### AIM OF THE TASK
Starting with the first line below, reproduce each line exactly until you have included the one bearing "Vintage Thermos Green".

### Entries taken from a collection
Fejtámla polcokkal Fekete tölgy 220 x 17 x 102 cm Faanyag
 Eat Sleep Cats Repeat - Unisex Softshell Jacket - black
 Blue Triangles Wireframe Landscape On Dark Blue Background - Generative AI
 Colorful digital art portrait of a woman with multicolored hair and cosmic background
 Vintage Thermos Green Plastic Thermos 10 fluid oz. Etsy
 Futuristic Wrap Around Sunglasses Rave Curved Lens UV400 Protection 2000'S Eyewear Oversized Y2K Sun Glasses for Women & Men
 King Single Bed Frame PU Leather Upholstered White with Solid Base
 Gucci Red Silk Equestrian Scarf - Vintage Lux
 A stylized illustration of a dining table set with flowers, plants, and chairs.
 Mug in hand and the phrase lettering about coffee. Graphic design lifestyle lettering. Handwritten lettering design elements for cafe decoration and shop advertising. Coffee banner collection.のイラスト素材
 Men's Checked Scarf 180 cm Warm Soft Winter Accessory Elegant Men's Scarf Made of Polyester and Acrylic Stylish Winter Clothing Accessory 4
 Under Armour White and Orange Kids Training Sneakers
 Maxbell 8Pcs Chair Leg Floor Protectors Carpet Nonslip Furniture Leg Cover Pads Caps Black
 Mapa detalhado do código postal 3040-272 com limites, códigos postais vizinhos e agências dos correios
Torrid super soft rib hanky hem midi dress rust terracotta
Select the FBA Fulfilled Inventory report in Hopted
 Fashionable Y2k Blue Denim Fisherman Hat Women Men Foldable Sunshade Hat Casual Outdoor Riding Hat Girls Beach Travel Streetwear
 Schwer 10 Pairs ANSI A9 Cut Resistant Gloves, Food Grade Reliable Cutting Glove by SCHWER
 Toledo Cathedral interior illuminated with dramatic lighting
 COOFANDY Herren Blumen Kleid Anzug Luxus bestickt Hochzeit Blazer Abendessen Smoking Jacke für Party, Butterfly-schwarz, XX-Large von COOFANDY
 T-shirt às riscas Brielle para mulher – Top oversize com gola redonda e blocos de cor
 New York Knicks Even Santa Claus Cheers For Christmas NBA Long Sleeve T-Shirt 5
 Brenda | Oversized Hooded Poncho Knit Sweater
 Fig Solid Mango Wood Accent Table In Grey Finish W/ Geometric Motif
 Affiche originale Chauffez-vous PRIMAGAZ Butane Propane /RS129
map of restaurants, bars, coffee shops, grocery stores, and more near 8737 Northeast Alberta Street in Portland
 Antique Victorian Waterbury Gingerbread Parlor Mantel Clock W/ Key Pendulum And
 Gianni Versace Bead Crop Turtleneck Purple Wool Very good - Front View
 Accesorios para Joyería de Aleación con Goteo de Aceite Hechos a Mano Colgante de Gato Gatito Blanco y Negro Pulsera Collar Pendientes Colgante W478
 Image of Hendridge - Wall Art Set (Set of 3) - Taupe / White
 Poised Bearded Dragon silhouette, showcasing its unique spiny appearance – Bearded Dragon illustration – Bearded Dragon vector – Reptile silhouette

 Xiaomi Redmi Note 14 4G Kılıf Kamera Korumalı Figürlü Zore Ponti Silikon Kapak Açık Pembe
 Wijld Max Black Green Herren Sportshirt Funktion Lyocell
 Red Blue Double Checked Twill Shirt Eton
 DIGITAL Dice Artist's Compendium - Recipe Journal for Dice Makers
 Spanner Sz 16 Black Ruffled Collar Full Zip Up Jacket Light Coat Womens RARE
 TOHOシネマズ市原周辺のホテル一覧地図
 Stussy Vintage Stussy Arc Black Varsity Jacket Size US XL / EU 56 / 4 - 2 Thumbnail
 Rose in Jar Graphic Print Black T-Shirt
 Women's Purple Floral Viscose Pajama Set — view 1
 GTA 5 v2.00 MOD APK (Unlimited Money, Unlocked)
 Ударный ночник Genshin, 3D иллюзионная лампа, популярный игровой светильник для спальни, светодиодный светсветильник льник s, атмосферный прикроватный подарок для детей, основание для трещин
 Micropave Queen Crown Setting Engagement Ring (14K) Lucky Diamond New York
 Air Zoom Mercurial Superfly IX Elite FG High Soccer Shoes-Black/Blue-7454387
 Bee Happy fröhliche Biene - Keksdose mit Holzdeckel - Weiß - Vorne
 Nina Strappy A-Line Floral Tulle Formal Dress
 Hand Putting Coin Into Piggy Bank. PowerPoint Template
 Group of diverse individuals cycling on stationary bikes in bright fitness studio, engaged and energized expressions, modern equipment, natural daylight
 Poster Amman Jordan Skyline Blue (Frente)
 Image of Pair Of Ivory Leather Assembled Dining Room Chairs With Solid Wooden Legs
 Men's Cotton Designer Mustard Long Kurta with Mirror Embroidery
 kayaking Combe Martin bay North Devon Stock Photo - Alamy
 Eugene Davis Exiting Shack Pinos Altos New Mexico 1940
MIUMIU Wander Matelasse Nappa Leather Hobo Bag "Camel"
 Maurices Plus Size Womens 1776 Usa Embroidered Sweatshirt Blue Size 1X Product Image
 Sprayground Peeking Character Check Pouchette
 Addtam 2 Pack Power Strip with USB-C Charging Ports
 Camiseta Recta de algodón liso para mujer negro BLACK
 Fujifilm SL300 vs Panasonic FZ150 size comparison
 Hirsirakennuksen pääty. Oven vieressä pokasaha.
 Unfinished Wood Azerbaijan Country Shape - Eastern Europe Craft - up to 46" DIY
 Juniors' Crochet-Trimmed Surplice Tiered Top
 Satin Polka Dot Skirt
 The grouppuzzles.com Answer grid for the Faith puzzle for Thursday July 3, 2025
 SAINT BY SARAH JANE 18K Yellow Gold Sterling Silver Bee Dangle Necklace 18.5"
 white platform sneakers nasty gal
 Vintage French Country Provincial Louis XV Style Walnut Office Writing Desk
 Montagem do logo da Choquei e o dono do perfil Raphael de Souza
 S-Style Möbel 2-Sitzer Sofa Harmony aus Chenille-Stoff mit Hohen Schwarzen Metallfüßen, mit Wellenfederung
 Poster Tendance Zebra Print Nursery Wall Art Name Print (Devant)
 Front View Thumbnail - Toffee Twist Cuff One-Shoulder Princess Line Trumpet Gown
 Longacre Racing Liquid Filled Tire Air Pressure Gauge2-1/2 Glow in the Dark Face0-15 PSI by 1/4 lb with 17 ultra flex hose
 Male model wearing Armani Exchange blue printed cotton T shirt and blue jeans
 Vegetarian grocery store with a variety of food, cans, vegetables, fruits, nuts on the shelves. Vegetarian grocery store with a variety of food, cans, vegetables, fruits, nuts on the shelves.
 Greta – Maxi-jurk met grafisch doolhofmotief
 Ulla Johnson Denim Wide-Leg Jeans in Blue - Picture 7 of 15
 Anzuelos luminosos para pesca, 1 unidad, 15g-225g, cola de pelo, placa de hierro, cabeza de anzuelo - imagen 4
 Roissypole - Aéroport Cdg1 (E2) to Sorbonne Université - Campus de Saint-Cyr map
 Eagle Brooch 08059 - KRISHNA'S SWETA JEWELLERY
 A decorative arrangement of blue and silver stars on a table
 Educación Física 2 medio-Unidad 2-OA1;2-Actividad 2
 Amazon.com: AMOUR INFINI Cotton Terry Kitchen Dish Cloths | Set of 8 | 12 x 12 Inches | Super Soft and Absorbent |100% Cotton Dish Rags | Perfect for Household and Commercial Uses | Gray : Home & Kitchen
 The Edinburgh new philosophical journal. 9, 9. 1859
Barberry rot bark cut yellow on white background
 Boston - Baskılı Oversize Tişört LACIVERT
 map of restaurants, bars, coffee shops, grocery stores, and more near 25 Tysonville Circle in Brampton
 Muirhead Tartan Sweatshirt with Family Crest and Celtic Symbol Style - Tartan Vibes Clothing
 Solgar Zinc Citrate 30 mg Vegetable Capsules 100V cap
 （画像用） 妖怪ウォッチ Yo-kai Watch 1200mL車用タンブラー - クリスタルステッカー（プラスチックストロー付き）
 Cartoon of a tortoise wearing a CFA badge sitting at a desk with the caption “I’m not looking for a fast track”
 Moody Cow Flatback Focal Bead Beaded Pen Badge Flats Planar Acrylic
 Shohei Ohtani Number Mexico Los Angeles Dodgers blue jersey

### TASK OUTPUT
Fejtámla polcokkal Fekete tölgy 220 x 17 x 102 cm Faanyag
 Eat Sleep Cats Repeat - Unisex Softshell Jacket - black
 Blue Triangles Wireframe Landscape On Dark Blue Background - Generative AI
 Colorful digital art portrait of a woman with multicolored hair and cosmic background
 Vintage Thermos Green Plastic Thermos 10 fluid oz. Etsy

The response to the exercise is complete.